# Tiny says HELLO!!



## Tichi (May 7, 2005)

Hello!

We haven't posted in a long time, be we check in often! Here are some pictures of the little girl who is "living the life" -- I promise!!

Hi Nate and Kristen!!

Love,

T.

http://photobucket.com/albums/a146/tichitiny/Canada/?sc=1&multi=5


----------



## Kristin (Nov 12, 2004)

Ha!

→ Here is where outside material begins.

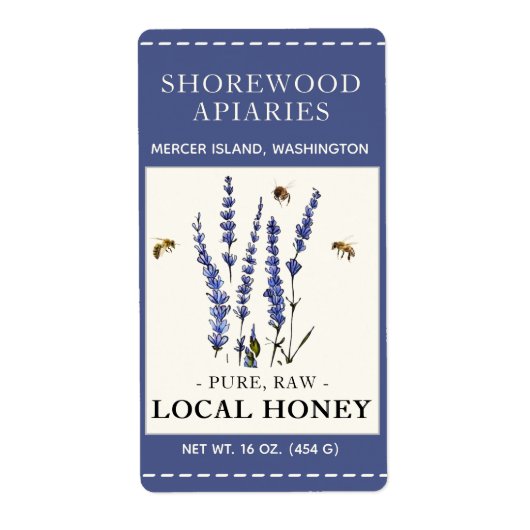 Blume- und Bienenhonig gestrichelt Border 2x3,75"  (Vorne)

I looooooove that tongue!!!


----------



## Rachael Polachek (Feb 19, 2005)

Boy, does she look happy! She's probably never been healthier or more content in her entire life. That little girl touched the hearts of everyone in this forum who knew her story. Thanks so much for posting. :wave:


----------



## stefania (Apr 16, 2005)

Thanks ...i have been waiting for those pictures  Also special thanks to Kristin  Its good to see Tiny again and to see her so happy,i missed her :wave:


----------



## JillyBean15 (Sep 27, 2005)

She is just precious! You can tell that she is very loved.


----------



## P-Nut (Dec 1, 2004)

Adorable little one! I am sorry to bother w/ any possibly heartbreaking questions, but what is the story behind Tiny?? She seems soooo sweet and precious!


----------



## Tichi (May 7, 2005)

Tiny is about 13 years old (but she's spry as Bambi!). Here's her story, as told by Nate, who was her first champion (this was our introduction to Tiny):

"Tiny is a sensational senior short-haired Chihuahua who really lives up to her name. At 10 years old and 2 pounds, she makes up for her size in sweetness, and is compatible and friendly to everyone who meets her. Her original owner sold her over the internet to someone who believed she was a young dog, and appeared malnourished and miserable on her first visit to the vet. This April she was relinquished to Wilshire Animal Hospital after her new owner realized she could not take care of Tiny’s medical needs. Tiny is definitely a special little lady, and although she has only 3 teeth remaining, she enjoys life and appreciates all the love and treats we give her. Although veterinarians believe Tiny is spayed, because of her size and age, it cannot be surgically determined. She recently underwent a major dental, and is having her vaccinations done gradually a few weeks apart. She is currently healthy and has no major medical concerns. Tiny needs a forever home where she can be around her owner all day and who can pay special attention to her needs and care."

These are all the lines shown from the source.